● **Task directions**: Isolate every line in the data with the string "shower" and copy it.

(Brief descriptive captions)
◇ ◇ ◇ ◇ ◇ ◇ ◇

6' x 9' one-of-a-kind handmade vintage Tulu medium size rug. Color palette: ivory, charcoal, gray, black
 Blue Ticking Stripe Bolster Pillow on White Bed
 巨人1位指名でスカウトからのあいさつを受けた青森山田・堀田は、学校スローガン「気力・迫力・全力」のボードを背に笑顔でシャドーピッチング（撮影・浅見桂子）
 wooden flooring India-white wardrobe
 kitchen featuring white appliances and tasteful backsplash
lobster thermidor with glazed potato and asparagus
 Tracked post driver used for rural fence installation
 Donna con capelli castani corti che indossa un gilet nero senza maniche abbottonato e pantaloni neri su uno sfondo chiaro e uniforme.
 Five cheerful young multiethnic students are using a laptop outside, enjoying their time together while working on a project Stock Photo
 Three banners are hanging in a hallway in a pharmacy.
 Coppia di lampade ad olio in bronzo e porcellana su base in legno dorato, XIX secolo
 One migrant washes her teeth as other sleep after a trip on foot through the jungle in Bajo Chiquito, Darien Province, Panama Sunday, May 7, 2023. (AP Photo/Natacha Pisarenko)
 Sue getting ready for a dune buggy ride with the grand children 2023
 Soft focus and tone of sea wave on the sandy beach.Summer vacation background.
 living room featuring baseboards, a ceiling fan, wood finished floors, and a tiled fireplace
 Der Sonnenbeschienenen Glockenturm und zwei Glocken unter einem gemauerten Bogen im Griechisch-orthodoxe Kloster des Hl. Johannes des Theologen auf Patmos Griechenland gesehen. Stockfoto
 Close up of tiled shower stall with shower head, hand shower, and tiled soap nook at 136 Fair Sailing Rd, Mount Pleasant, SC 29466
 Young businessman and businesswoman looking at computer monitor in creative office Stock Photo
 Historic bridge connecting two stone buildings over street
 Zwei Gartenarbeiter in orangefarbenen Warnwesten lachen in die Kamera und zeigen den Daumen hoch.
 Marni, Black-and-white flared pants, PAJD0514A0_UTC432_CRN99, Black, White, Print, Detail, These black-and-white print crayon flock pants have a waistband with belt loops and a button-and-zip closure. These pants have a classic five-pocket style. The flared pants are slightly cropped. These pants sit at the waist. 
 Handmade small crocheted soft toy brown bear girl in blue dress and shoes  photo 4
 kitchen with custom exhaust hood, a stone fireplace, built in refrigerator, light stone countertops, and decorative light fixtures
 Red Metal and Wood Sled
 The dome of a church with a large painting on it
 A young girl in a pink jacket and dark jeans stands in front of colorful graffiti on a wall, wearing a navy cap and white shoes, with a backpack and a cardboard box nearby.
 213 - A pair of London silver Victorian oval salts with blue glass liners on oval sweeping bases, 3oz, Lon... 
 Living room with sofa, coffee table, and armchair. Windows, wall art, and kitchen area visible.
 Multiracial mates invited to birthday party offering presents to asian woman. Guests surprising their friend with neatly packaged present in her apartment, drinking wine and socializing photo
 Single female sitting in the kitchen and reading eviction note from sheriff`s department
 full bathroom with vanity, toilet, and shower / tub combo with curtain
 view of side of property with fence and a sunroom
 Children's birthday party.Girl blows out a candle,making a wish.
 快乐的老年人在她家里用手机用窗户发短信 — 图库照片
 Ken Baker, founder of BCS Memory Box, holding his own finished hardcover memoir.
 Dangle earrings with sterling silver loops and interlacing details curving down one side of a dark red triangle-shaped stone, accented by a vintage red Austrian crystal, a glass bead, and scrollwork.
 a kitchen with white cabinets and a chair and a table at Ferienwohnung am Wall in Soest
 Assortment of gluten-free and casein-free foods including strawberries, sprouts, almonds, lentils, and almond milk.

◇ ◇ ◇ ◇ ◇ ◇ ◇

● **Task solution**:
 Close up of tiled shower stall with shower head, hand shower, and tiled soap nook at 136 Fair Sailing Rd, Mount Pleasant, SC 29466
 full bathroom with vanity, toilet, and shower / tub combo with curtain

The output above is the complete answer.